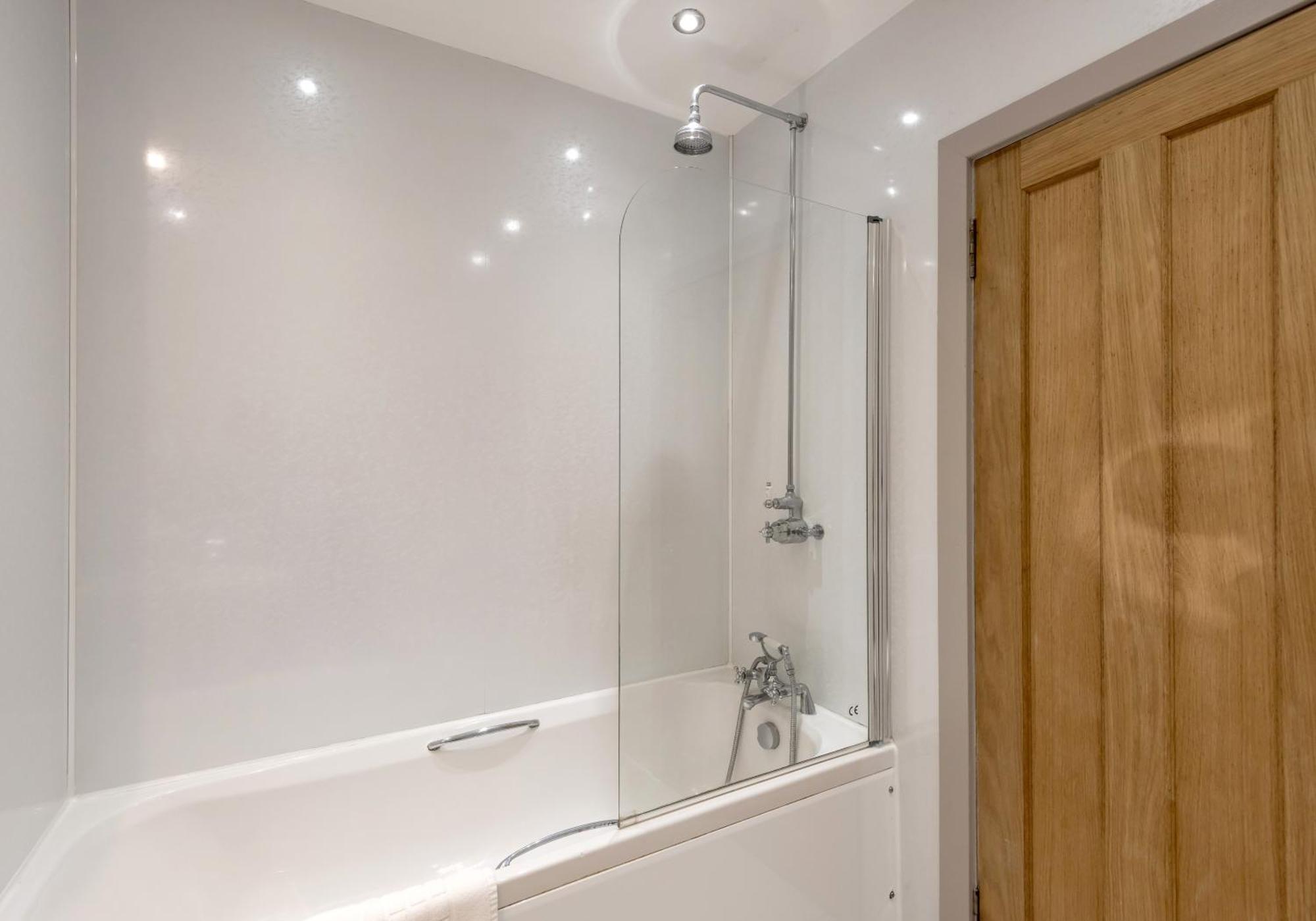 Causewayside Apartment - The Edinburgh Address المظهر الخارجي الصورة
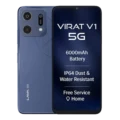 Lava Virat V1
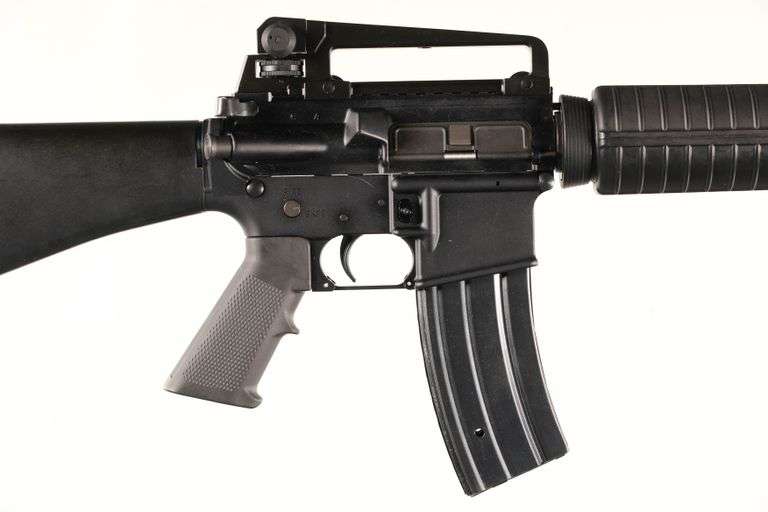 PSA PA-15 Semi Rifle .223 rem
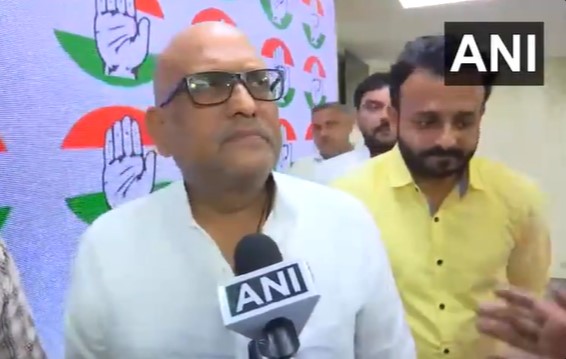 बीजेपी का खौफ या बात कुछ और? यूपी विधानसभा उपचुनाव में कांग्रेस नहीं उतारेगी उम्मीदवार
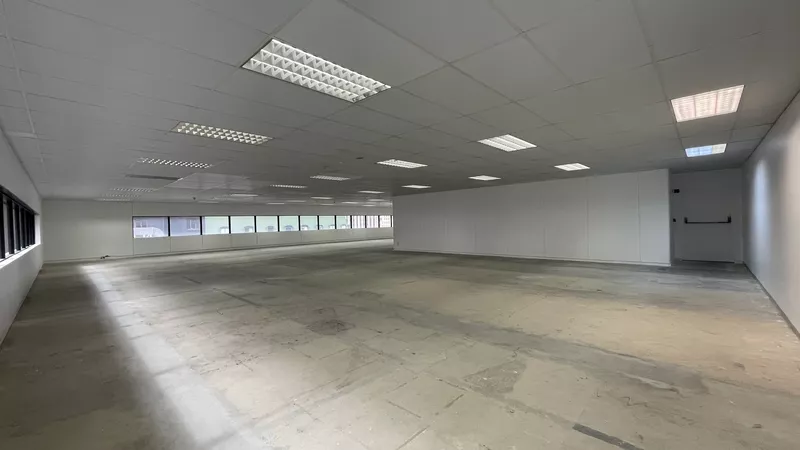 680 m² Office to let in Cape Town City Centre/CBD, The Box (photo 8)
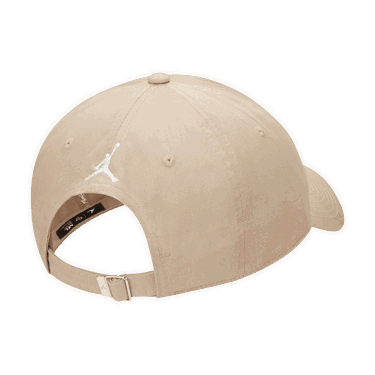 Шапка с козирка Nike Jordan Club Бежово | FN4677-277, 1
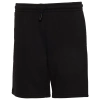 Lckr Boys  Deploy Fleece Shorts In Black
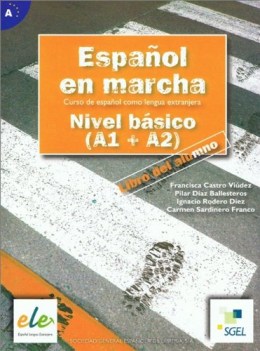 espanol en marc.basico vedi 9788497782029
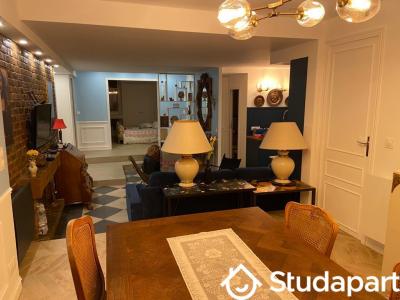 Louer Appartement 17 m2 Ivry-sur-seine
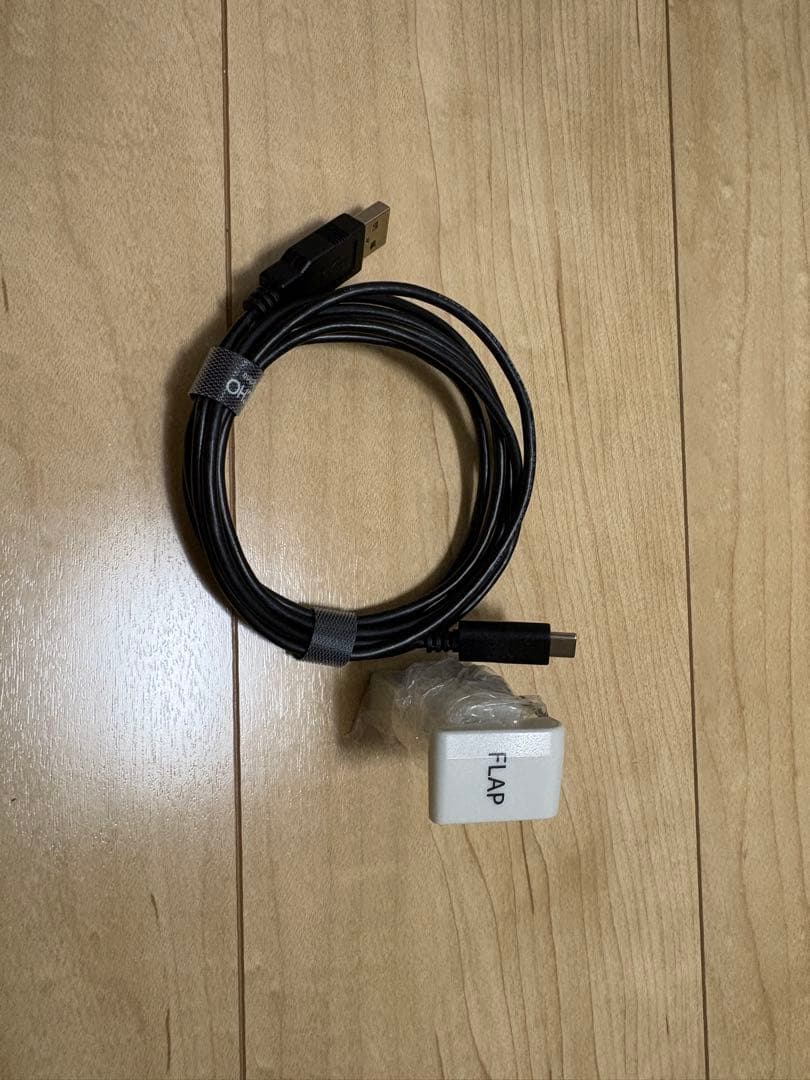 【Yuu.b】 TCA Quadrant Boeing Edition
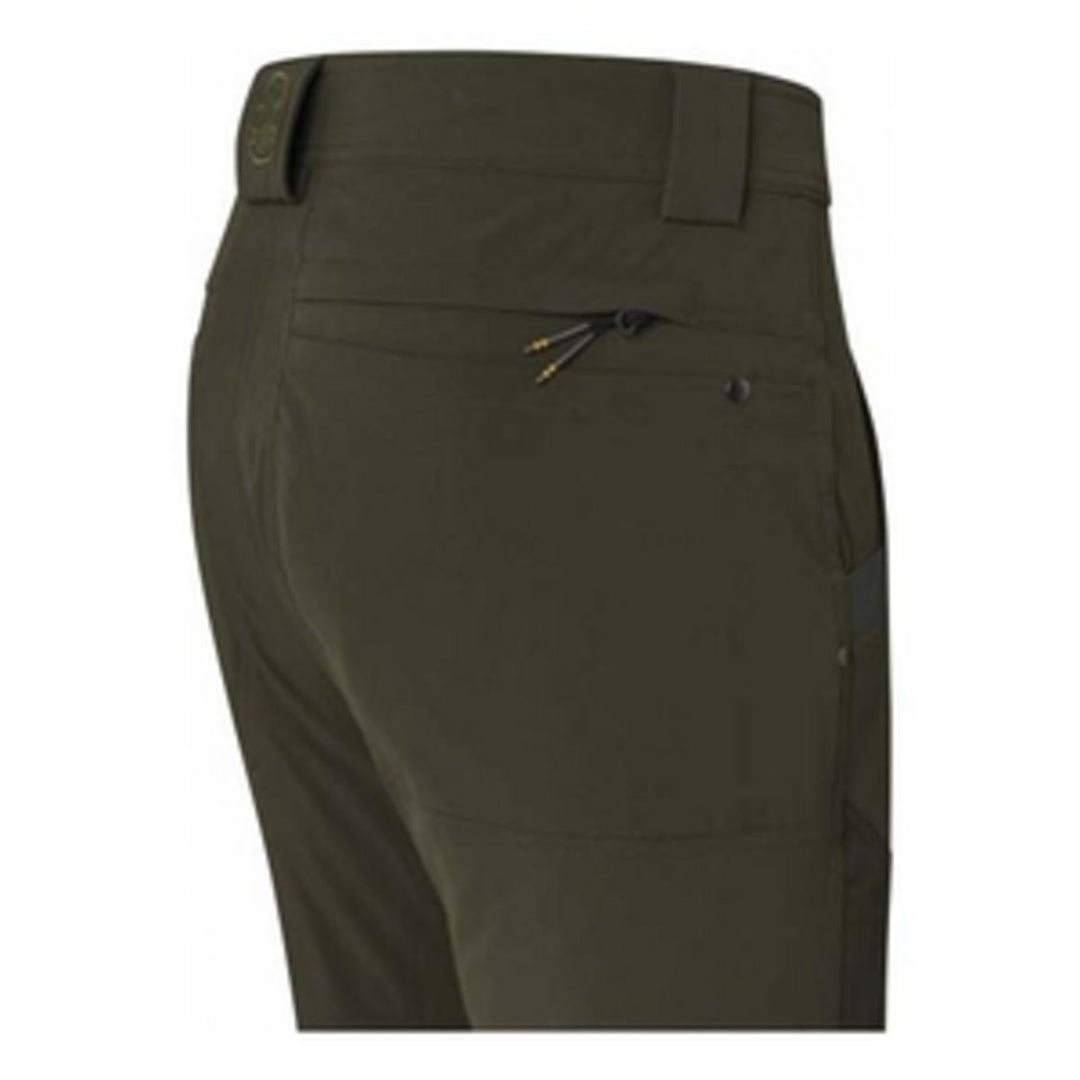 Beretta Core Pants  Brown Bark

**EXERCISE INSTRUCTIONS:**
Each entry above needs to be restated without a single word changed; skip the images.

**RESPONSE BELOW:**
 Causewayside Apartment - The Edinburgh Address المظهر الخارجي الصورة
 Lava Virat V1
 PSA PA-15 Semi Rifle .223 rem
 बीजेपी का खौफ या बात कुछ और? यूपी विधानसभा उपचुनाव में कांग्रेस नहीं उतारेगी उम्मीदवार
 680 m² Office to let in Cape Town City Centre/CBD, The Box (photo 8)
 Шапка с козирка Nike Jordan Club Бежово | FN4677-277, 1
 Lckr Boys  Deploy Fleece Shorts In Black
 espanol en marc.basico vedi 9788497782029
 Louer Appartement 17 m2 Ivry-sur-seine
 【Yuu.b】 TCA Quadrant Boeing Edition
 Beretta Core Pants  Brown Bark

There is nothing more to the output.